The preceding is qualified in its entirety by reference to the news release, which is filed as Exhibit 99.1 hereto and is incorporated herein by reference.

 

Item 2.03 Creation of a Direct Financial Obligation or an Obligation under an Off-Balance Sheet Arrangement.  

 

See Item 1.01 “Entry into a Material Definitive Agreement” above. The descriptions of the Credit Agreement, the Guaranty Agreement, the Security Agreement and the Pledge Agreement set forth under Item 1.01 above are hereby incorporated by reference in their entirety in response to this Item 2.03.

 

Item 8.01 Other Events.

 

On April 24, 2015, the Company issued a news release announcing that it has completed and closed on the acquisition of the Sargent Aerospace & Defense business of Dover Corporation.
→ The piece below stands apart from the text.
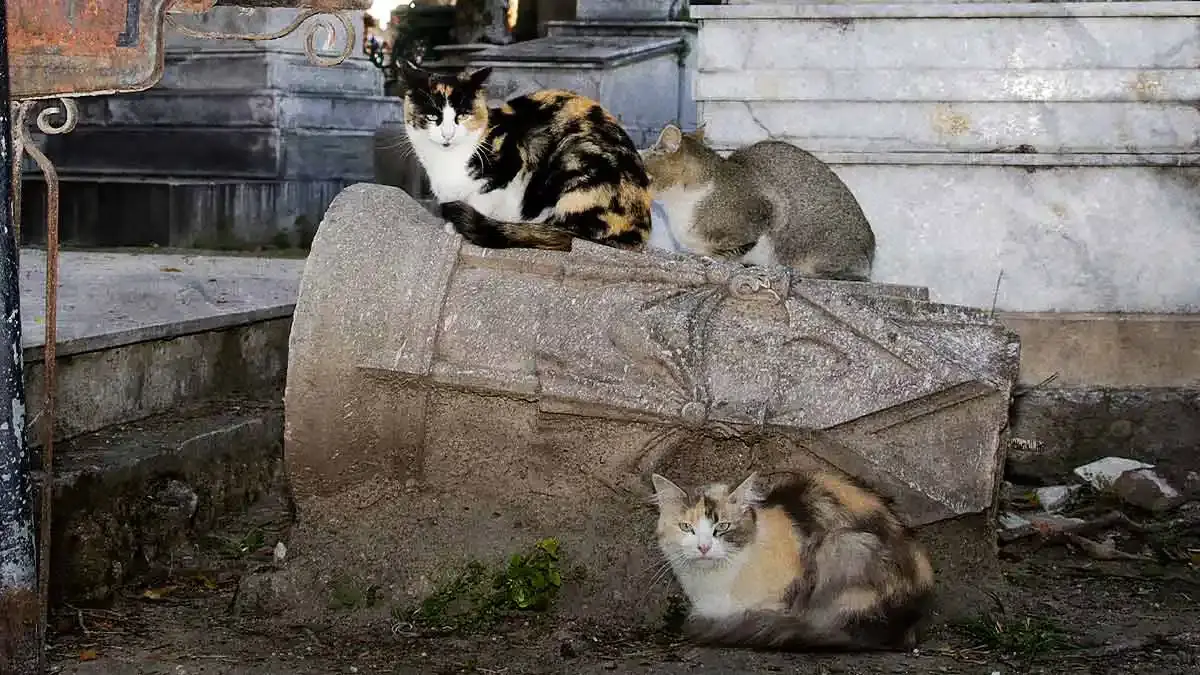 Ayuntamiento de Puebla busca proteger gatos del Panteón Municipal con campaña vial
A copy of the Company’s news release is attached to this Current Report on Form 8-K as Exhibit 99.1.

 

Item 9.01 Financial Statements and Exhibits.

 

(a)            Financial Statements for Businesses Acquired.

 

The financial information required to be filed with respect to the acquired business disclosed in Item 2.01 will be filed as soon as practicable, and in any event within 71 calendar days after the date on which this Current Report on Form 8-K is required to be filed.

 

(b)            Pro Forma Financial Information.

 

The pro forma financial information required to be filed with respect to the acquired business described in Item 2.01 will be filed as soon as practicable, and in any event within 71 calendar days after the date on which this Current Report on Form 8-K is required to be filed.

 

(d)        Exhibits

 

Exhibit 10.1       Credit Agreement, dated April 24, 2015, by and among Roller Bearing Company of America, Inc. as Borrower, RBC Bearings Incorporated, Wells Fargo Bank, National Association, as Administrative Agent and various Lenders party thereto.

 

Exhibit 10.2       Guarantee, dated April 24, 2015, by and among RBC Bearings Incorporated, the subsidiary guarantors party thereto and Wells Fargo Bank, National Association, as Administrative Agent.

 

Exhibit 10.3       Security Agreement, dated April 24, 2015, by and among Roller Bearing Company of America, Inc., RBC Bearings Incorporated, the subsidiary grantors party thereto and Wells Fargo Bank, National Association, as Collateral Agent for the benefit of the Secured Creditors.

 

Exhibit 10.4       Pledge Agreement, dated April 24, 2015, by and among Roller Bearing Company of America, Inc., RBC Bearings Incorporated, the subsidiary pledgors party thereto and Wells Fargo Bank, National Association, as Collateral Agent for the benefit of the Secured Creditors.

 

Exhibit 99.1       Company Press Release, dated April 24, 2015.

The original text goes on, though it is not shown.